Transcribe each record precisely; images stay out.
(Beginning of Working data)
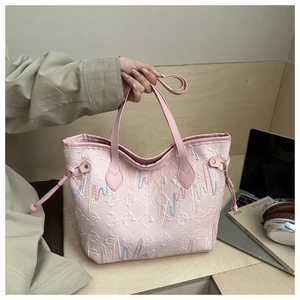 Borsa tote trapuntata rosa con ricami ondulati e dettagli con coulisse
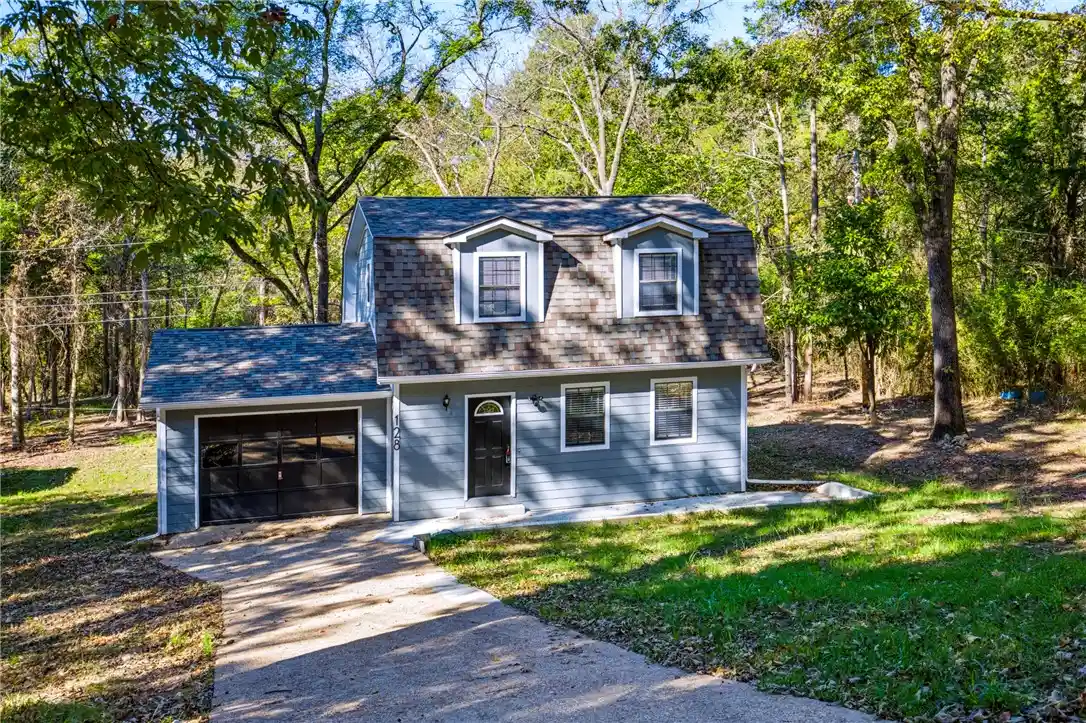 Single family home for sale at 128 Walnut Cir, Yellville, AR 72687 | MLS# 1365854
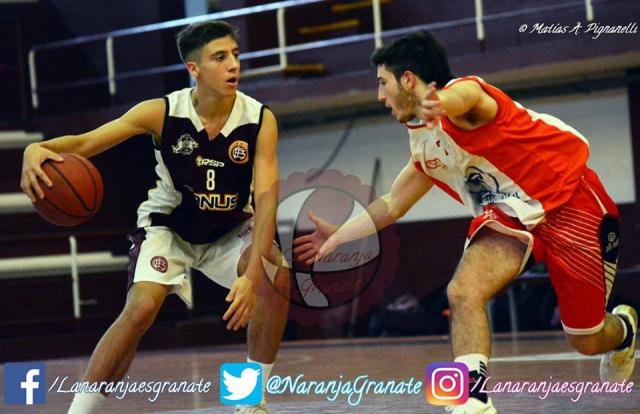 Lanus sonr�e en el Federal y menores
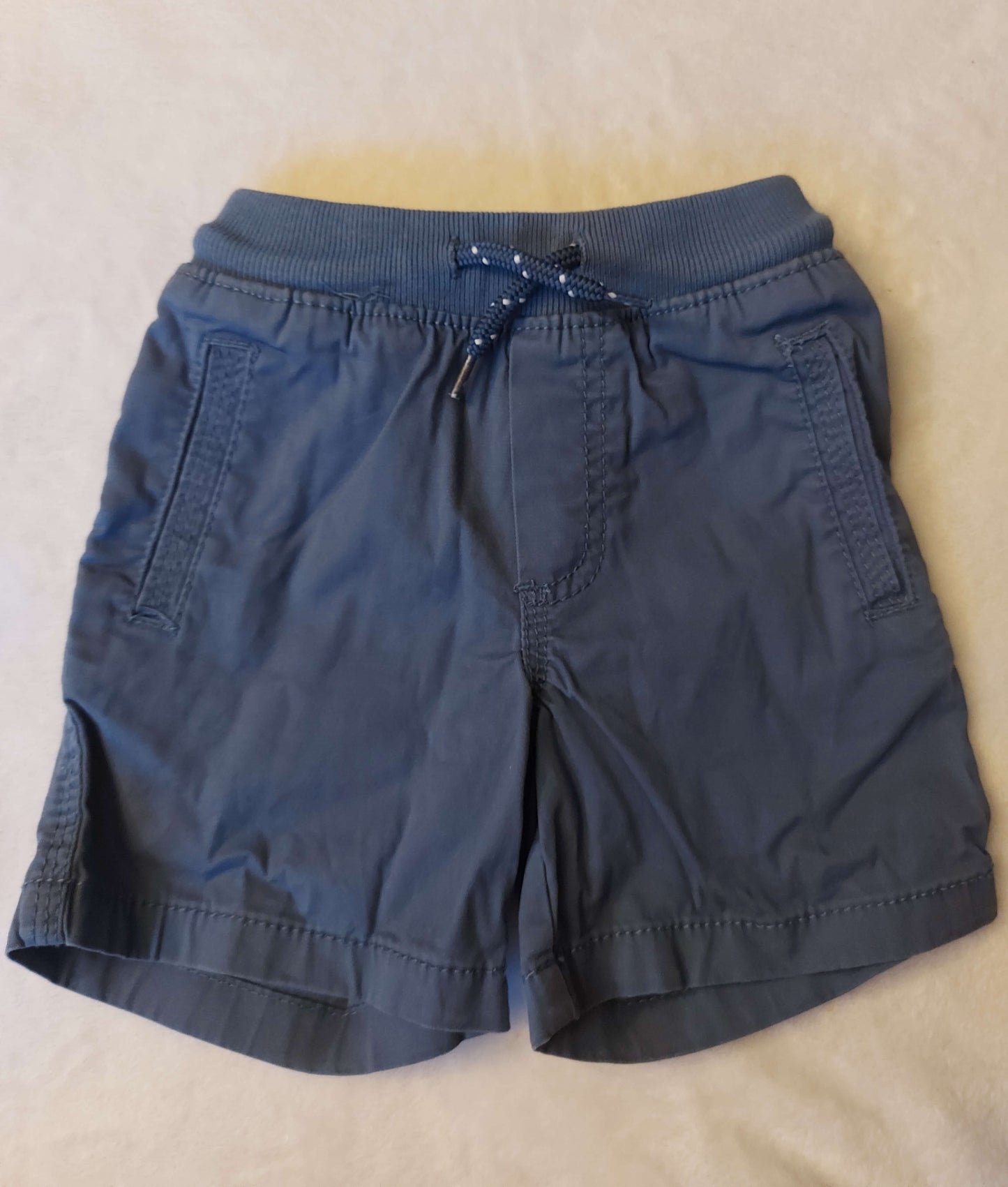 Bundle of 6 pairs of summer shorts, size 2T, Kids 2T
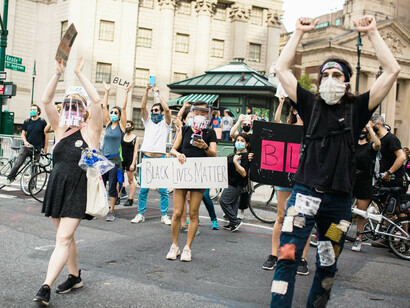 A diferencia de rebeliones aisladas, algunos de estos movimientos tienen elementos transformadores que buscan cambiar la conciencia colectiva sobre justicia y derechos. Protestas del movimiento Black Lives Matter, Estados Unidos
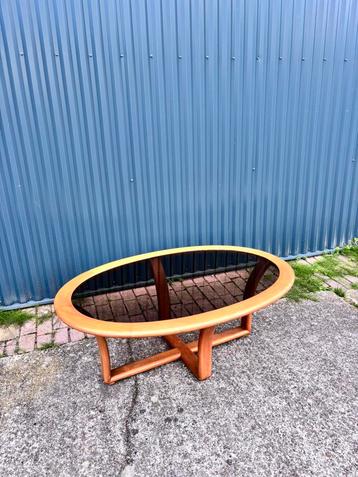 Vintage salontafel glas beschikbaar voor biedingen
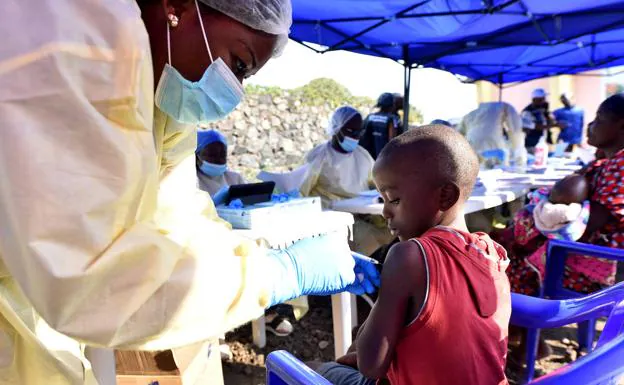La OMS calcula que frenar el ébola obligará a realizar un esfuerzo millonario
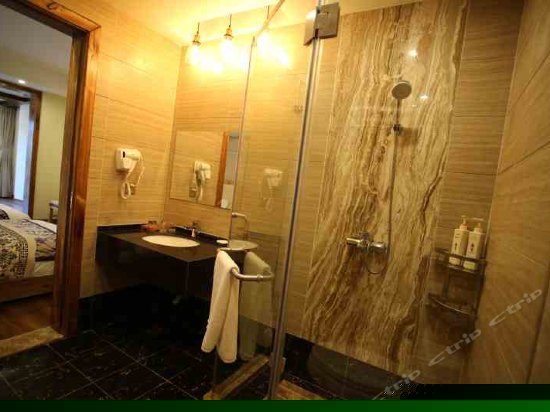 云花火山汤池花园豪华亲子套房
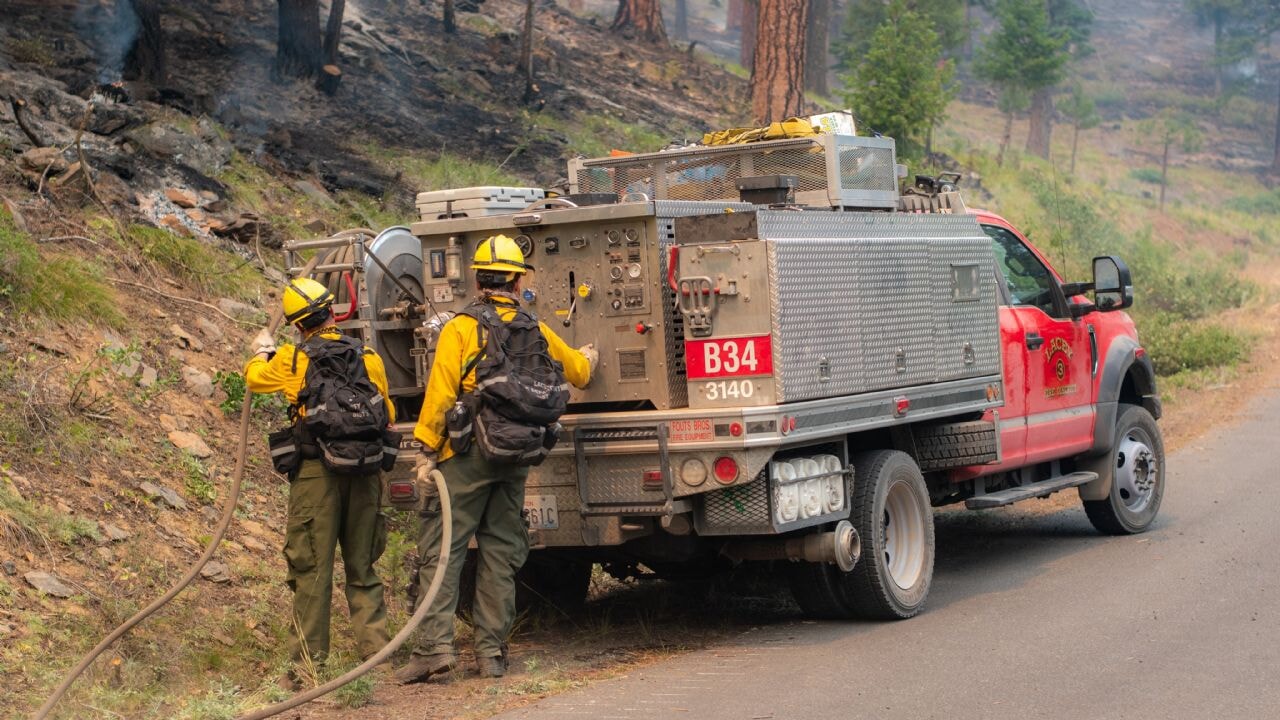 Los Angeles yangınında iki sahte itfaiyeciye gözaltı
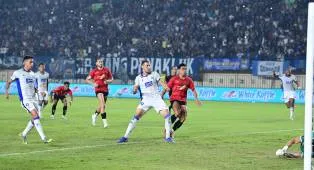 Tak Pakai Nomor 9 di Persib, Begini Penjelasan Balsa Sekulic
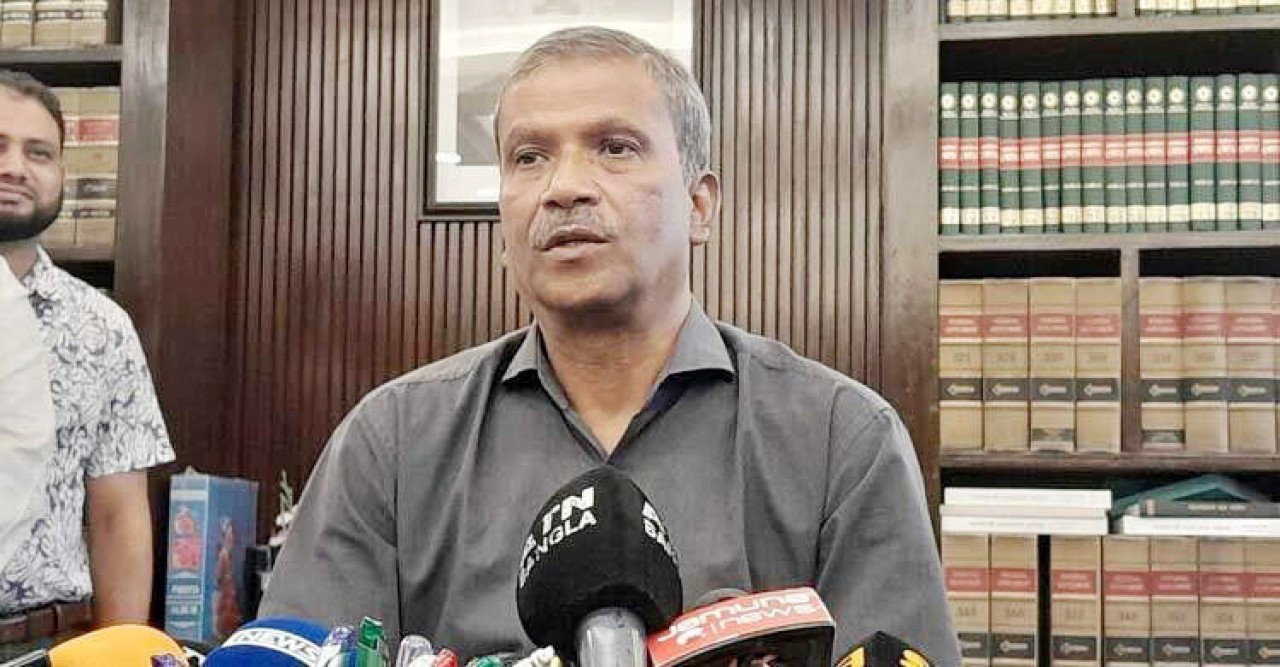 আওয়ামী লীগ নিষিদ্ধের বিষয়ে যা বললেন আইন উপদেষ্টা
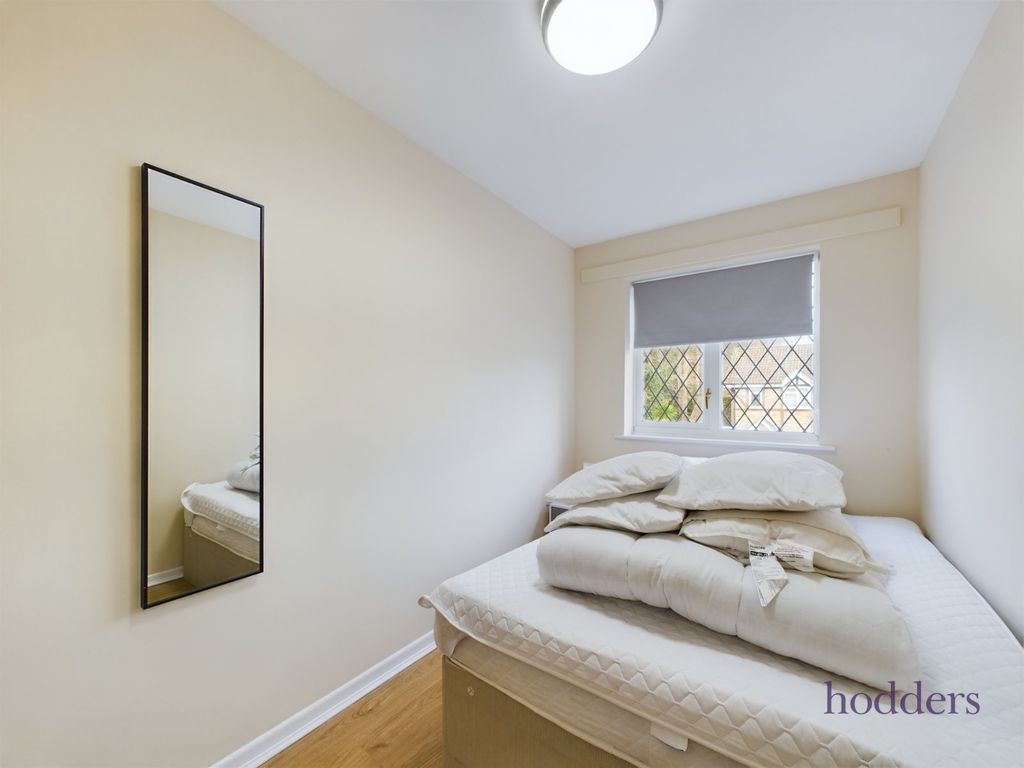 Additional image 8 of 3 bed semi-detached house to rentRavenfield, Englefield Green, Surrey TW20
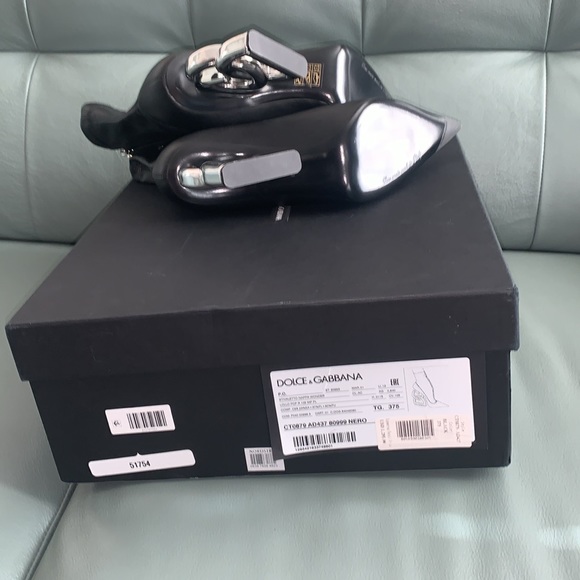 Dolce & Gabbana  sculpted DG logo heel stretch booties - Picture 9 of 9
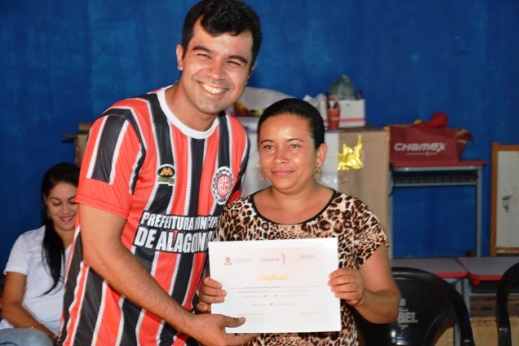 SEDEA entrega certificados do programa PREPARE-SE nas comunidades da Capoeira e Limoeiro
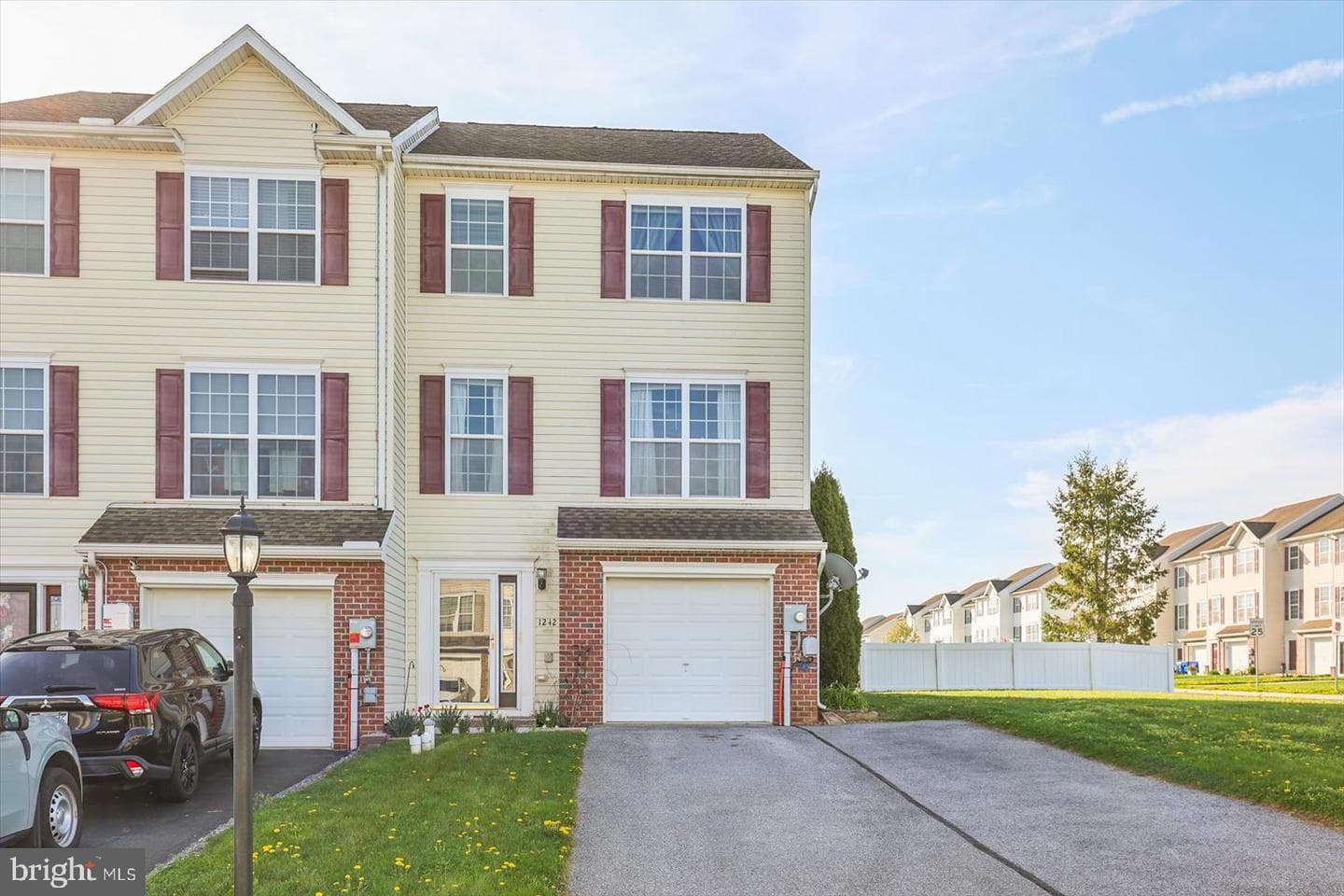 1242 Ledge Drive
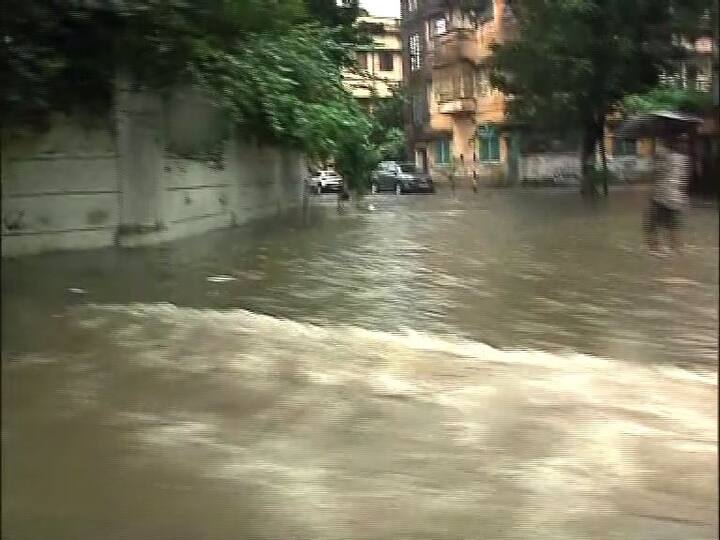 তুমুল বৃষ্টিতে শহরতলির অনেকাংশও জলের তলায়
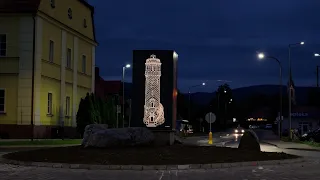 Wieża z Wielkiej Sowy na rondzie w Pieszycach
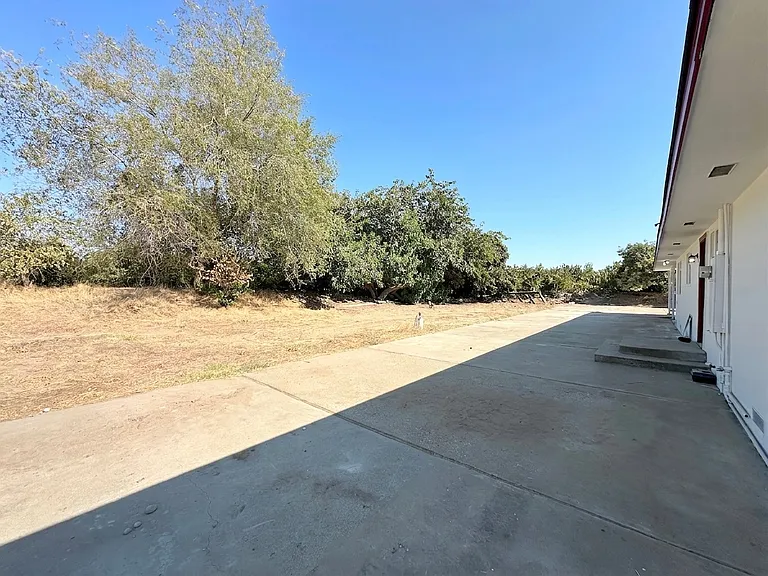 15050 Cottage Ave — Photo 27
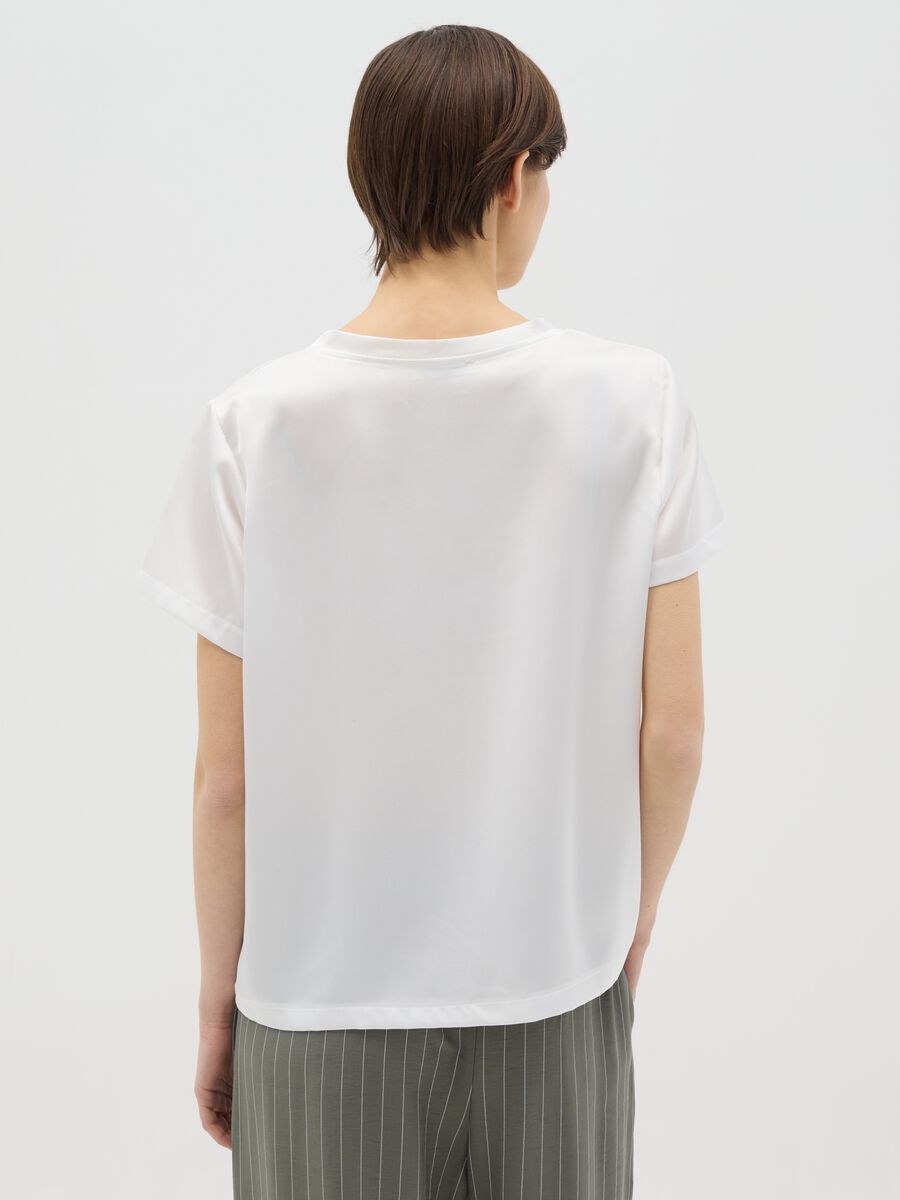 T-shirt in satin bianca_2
(End of Working data)
# [Written response]
 Borsa tote trapuntata rosa con ricami ondulati e dettagli con coulisse
 Single family home for sale at 128 Walnut Cir, Yellville, AR 72687 | MLS# 1365854
 Lanus sonr�e en el Federal y menores
 Bundle of 6 pairs of summer shorts, size 2T, Kids 2T
 A diferencia de rebeliones aisladas, algunos de estos movimientos tienen elementos transformadores que buscan cambiar la conciencia colectiva sobre justicia y derechos. Protestas del movimiento Black Lives Matter, Estados Unidos
 Vintage salontafel glas beschikbaar voor biedingen
La OMS calcula que frenar el ébola obligará a realizar un esfuerzo millonario
 云花火山汤池花园豪华亲子套房
 Los Angeles yangınında iki sahte itfaiyeciye gözaltı
 Tak Pakai Nomor 9 di Persib, Begini Penjelasan Balsa Sekulic
 আওয়ামী লীগ নিষিদ্ধের বিষয়ে যা বললেন আইন উপদেষ্টা
 Additional image 8 of 3 bed semi-detached house to rentRavenfield, Englefield Green, Surrey TW20
 Dolce & Gabbana  sculpted DG logo heel stretch booties - Picture 9 of 9
 SEDEA entrega certificados do programa PREPARE-SE nas comunidades da Capoeira e Limoeiro
 1242 Ledge Drive
 তুমুল বৃষ্টিতে শহরতলির অনেকাংশও জলের তলায়
 Wieża z Wielkiej Sowy na rondzie w Pieszycach
 15050 Cottage Ave — Photo 27
 T-shirt in satin bianca_2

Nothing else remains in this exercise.